I hope that, as these discussions go forward, the focus of the PSC and our legislative leaders will be on how to keep the price of electricity as low as possible, and not on how a giant utility company may feel about their ideas.

In 1999, an error was made when the state decided to deregulate energy markets.

If there is going to be an error in 2008, let it be on the side of the consumer.

Cameron E. Miles, Baltimore

Congress must act first on choice bill

Frank Schaeffer's column "Healing a great divide" ("Commentary, Dec. 15) was both irresponsible and factually inaccurate.

Mr. Schaeffer wrongly postulates that President-elect Barack Obama will sign the Freedom of Choice Act shortly after assuming office.

The facts are that Mr.
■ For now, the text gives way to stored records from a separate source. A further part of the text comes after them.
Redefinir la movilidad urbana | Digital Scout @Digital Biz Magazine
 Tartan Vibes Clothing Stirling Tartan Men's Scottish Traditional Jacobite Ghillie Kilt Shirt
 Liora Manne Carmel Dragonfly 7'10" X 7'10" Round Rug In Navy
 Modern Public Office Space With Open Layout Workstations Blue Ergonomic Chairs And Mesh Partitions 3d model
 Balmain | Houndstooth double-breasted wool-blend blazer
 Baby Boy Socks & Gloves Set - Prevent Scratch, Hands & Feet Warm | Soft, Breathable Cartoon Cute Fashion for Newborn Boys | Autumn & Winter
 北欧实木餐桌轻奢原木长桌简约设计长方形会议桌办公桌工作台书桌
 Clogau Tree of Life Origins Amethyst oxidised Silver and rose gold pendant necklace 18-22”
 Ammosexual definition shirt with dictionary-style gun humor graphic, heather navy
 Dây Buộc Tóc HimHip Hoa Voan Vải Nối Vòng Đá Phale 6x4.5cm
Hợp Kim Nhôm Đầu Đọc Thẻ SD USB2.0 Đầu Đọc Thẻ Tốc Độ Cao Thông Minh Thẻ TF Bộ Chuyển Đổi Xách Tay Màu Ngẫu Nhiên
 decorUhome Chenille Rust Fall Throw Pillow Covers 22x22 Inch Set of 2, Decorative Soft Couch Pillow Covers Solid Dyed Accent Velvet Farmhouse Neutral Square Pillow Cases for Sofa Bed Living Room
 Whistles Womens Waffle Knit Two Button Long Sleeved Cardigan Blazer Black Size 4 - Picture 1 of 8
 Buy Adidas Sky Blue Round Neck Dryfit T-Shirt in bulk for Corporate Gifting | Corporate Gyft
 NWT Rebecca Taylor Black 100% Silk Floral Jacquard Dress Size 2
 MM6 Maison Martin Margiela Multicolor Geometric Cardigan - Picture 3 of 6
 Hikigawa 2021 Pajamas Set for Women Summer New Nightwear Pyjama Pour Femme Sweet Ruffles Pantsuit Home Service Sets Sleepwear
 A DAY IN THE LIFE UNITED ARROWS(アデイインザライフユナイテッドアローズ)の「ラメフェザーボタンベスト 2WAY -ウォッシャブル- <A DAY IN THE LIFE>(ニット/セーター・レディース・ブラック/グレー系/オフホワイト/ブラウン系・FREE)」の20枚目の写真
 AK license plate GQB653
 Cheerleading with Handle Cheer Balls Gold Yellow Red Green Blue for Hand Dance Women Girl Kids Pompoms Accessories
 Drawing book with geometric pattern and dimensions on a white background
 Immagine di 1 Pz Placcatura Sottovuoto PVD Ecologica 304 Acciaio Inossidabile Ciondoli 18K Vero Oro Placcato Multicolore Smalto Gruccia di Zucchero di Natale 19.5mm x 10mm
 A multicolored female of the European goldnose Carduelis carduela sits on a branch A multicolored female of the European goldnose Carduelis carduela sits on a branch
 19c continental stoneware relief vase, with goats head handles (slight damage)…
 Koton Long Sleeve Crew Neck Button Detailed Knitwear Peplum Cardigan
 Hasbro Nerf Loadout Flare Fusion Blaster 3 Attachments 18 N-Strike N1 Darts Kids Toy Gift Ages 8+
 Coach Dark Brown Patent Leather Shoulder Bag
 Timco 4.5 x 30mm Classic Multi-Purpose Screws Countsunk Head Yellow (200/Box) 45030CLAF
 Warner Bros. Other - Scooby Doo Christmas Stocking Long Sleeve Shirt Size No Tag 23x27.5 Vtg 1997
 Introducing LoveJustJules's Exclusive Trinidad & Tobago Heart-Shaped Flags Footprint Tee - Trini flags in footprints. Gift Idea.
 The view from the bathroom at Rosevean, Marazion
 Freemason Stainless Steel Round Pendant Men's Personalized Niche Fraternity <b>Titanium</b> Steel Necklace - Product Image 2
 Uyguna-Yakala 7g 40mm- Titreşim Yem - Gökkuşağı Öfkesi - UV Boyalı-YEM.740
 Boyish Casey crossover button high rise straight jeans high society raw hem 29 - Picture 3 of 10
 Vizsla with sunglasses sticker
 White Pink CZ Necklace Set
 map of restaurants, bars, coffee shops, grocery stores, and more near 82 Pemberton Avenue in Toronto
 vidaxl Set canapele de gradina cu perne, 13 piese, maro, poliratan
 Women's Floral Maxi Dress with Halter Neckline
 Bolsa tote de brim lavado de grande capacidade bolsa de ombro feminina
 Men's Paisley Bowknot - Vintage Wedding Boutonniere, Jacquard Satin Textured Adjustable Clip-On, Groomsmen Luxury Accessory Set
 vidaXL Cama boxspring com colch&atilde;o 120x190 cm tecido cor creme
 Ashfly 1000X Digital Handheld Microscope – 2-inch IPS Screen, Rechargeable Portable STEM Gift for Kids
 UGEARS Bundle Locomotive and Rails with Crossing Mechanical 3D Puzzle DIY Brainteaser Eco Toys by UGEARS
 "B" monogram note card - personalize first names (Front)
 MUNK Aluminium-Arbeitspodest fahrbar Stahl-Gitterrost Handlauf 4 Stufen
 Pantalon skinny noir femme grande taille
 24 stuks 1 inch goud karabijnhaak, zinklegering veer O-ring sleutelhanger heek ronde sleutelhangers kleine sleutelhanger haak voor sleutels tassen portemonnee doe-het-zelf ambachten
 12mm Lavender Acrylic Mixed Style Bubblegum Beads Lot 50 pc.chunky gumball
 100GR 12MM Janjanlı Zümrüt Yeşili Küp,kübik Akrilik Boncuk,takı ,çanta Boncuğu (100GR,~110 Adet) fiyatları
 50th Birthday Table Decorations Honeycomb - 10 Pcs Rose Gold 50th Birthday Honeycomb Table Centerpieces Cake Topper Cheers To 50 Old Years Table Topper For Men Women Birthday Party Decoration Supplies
Obama cannot sign the Freedom of Choice Act until Congress passes the bill, and that neither house of Congress has passed the bill.

And indeed, the Freedom of Choice Act will have to be reintroduced in both Houses of Congress once the 111th Congress convenes.

John W. Nugent, Baltimore

The writer is president and CEO of Planned Parenthood of Maryland.

Let the banks loan money to carmakers

Here's a novel idea: Since we have loaned so much money to many U.S. banks to bail them out, without conditions of the kind many people want to impose on an auto industry bailout, why don't the banks lend the money to the automakers ("Car options," Dec. 13)?

That way, we know the money would be paid back.

Patricia McLaughlin, Joppa

Violent society reaps callousness it sows

Mayor Sheila Dixon has voiced outrage over the videotape of the man robbed and shot in the carry-out restaurant in Northeast Baltimore as patrons laughed ("Outrage at video showing disdain for wounded man," Dec.13).

She stated that there are "clearly mentally disturbed individuals in this city." I think the Biblical phrase "you reap what you sow" would be a more fitting response to this incident.

The United States has become a greedy, turbulent, Godless society where executions and abortions are legal and commonplace.

The mass media hemorrhages violence and hatred through the news, scripted television shows, movies, cartoons, music videos, The Jerry Springer Show, etc. We see loathing spewed forth in our partisan Congress, between football teams, from Sean Hannity and Rush Limbaugh and in road-rage incidents.

So before we criticize the young people who laughed in that video, I think we need to look at ourselves.

Jim Henry, Finksburg

Will child's death prompt any change?

With the tragic death of young Ronald Jackson last week as he delivered fruit to a neighbor, I believe that Baltimore has reached a new low ("A mother's plea," editorial, Dec. 10).

Any untimely and violent death is a tragic loss. This one, however, I find particularly hard to stomach. This was a good kid who stayed out of trouble and was set to grow up to be a good person. Now this chance has been taken away.

Will this murder be investigated as thoroughly as it should be? Will police protection be increased for this challenged neighborhood?

Or is Ronald Jackson going to just be another number, another statistic? Are we truly too numb to care?

I believe that anyone who votes to cut the city police budget right now has blood on his or her hands.